Task item »
Write out, unchanged, the lines from the one holding "Pink Gold Details" to the close of the listing. Both the first and last lines belong in it.
BEGIN
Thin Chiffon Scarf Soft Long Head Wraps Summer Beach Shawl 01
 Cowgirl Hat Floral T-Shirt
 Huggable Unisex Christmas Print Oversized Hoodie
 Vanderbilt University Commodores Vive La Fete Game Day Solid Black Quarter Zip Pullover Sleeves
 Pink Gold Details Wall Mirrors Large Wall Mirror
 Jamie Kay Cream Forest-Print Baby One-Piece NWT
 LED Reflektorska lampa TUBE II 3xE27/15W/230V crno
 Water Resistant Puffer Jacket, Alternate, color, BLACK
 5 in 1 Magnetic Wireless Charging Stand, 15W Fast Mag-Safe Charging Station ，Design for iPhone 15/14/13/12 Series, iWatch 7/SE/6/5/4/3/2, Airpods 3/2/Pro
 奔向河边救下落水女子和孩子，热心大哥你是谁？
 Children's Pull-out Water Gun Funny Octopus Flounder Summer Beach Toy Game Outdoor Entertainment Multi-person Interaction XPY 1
END
Task answer »
 Pink Gold Details Wall Mirrors Large Wall Mirror
 Jamie Kay Cream Forest-Print Baby One-Piece NWT
 LED Reflektorska lampa TUBE II 3xE27/15W/230V crno
 Water Resistant Puffer Jacket, Alternate, color, BLACK
 5 in 1 Magnetic Wireless Charging Stand, 15W Fast Mag-Safe Charging Station ，Design for iPhone 15/14/13/12 Series, iWatch 7/SE/6/5/4/3/2, Airpods 3/2/Pro
 奔向河边救下落水女子和孩子，热心大哥你是谁？
 Children's Pull-out Water Gun Funny Octopus Flounder Summer Beach Toy Game Outdoor Entertainment Multi-person Interaction XPY 1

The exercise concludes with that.